I'll be working on this bug. I hope to have a solution coded up within a couple of weeks. I wrote a post to wikitech-l about it, and encourage people to respond there rather than here (since this involves several bugs):

http://lists.wikimedia.org/pipermail/wikitech-l/2010-July/048399.html

ayg wrote:

This was fixed in trunk as of r70415. Subcategories, files, and other pages sort in three separate sections.

felsodaniel wrote:

I don't think this is fixed, just see: http://en.wikipedia.org/wiki/Category:Computer_stubs
It says "This category has the following 8 subcategories, out of 16 total."

Bugs are marked as fixed right away when the code is fixed. It then takes time before end users see the fix, until entities like Wikimedia update their code to newer version. When that happens, bugs can be marked as verified or closed, but that doesn't seem the actual practice here.

felsodaniel wrote:

I checked the version of the English Wikipedia (http://en.wikipedia.org/wiki/Special:Version), it's r72153, so it should be "fixed".

That is a different branch of the software. Don't rely on those numbers.

ayg wrote:

Wikimedia is way behind on code updates. There's no guarantee on when Wikipedia will see the features, but they're fixed in trunk -- which means there's no more development work to do, so there's no purpose for the bug to remain open. The fix is done, it just has to be deployed, which will happen along with all the other tens of thousands of revisions that aren't live yet.

It might not go live for months to come, who knows. The last full scap was around r64689, and that was based on REL1_16, which was based on r62818 of trunk. That was in February. The revision numbers don't tell you what's live, as Derk-Jan points out, since Wikimedia is using the wmf branch of the code, not trunk. I only gave the revision number so it would produce a commit link.

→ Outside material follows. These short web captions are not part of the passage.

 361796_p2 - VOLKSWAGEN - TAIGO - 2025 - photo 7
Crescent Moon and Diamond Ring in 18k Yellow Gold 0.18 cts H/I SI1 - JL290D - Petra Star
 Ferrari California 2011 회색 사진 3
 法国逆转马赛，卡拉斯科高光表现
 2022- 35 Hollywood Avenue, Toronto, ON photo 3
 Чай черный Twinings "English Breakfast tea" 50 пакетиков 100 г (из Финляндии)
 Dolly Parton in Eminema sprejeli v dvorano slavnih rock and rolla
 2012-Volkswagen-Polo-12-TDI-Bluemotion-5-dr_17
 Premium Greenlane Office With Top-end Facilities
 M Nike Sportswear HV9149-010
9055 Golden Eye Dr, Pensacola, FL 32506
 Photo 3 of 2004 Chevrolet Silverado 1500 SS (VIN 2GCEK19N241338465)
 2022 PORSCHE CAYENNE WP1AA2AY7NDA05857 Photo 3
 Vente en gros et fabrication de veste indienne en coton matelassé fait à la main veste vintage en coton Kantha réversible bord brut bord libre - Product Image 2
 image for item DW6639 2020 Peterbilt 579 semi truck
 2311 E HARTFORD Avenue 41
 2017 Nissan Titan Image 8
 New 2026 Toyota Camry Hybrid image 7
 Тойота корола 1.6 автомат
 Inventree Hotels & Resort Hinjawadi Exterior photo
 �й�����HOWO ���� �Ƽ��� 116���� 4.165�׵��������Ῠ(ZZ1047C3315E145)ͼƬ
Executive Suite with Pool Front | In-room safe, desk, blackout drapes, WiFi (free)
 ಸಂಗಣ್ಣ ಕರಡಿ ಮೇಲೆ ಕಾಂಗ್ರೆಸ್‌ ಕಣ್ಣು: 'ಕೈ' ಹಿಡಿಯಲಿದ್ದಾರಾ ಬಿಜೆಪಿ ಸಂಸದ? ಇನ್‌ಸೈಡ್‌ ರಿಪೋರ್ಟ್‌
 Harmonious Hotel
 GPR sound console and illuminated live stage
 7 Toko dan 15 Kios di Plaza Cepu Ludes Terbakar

So do we file a new bug that asks to implement the fixed bug?

ayg wrote:

If anyone is going to be interested in deploying this out of schedule, they won't need a bug to remind them to do so. Plus, I doubt it will happen till bug 164 is fixed.

(In reply to comment #65)

The patch is included in release 1.17. See
http://svn.wikimedia.org/viewvc/mediawiki/branches/REL1_17/phase3/RELEASE-NOTES?view=co

As an aside, last i heard the category stuff was going to be deployed slightly later then the rest of 1.17 (On Wikimedia).

If someone can link an example category, pls do so.

Also, please let us know when this was included in a stable MW release.

ayg wrote:

This is in 1.17, as comment 65 says. It will be in a stable release when 1.17 is released. It will be enabled on Wikimedia at some time in the relatively near future. Please be patient.

johnnymrninja wrote:

1.17 is live, though I have not been able to confirm that this is fixed. I've edited categories and they do not move to the front. It could be some sort of category lag... Can someone confirm that this is now working properly on WP?

(In reply to comment #69)

1.17 is live, though I have not been able to confirm that this is fixed. I've
edited categories and they do not move to the front. It could be some sort of
category lag... Can someone confirm that this is now working properly on WP?

1.17 was deployed with the category changes stripped out. Tim has been working on doing the required database schema changes yesterday and today, and I guess we'll roll out the related software changes in the next few days.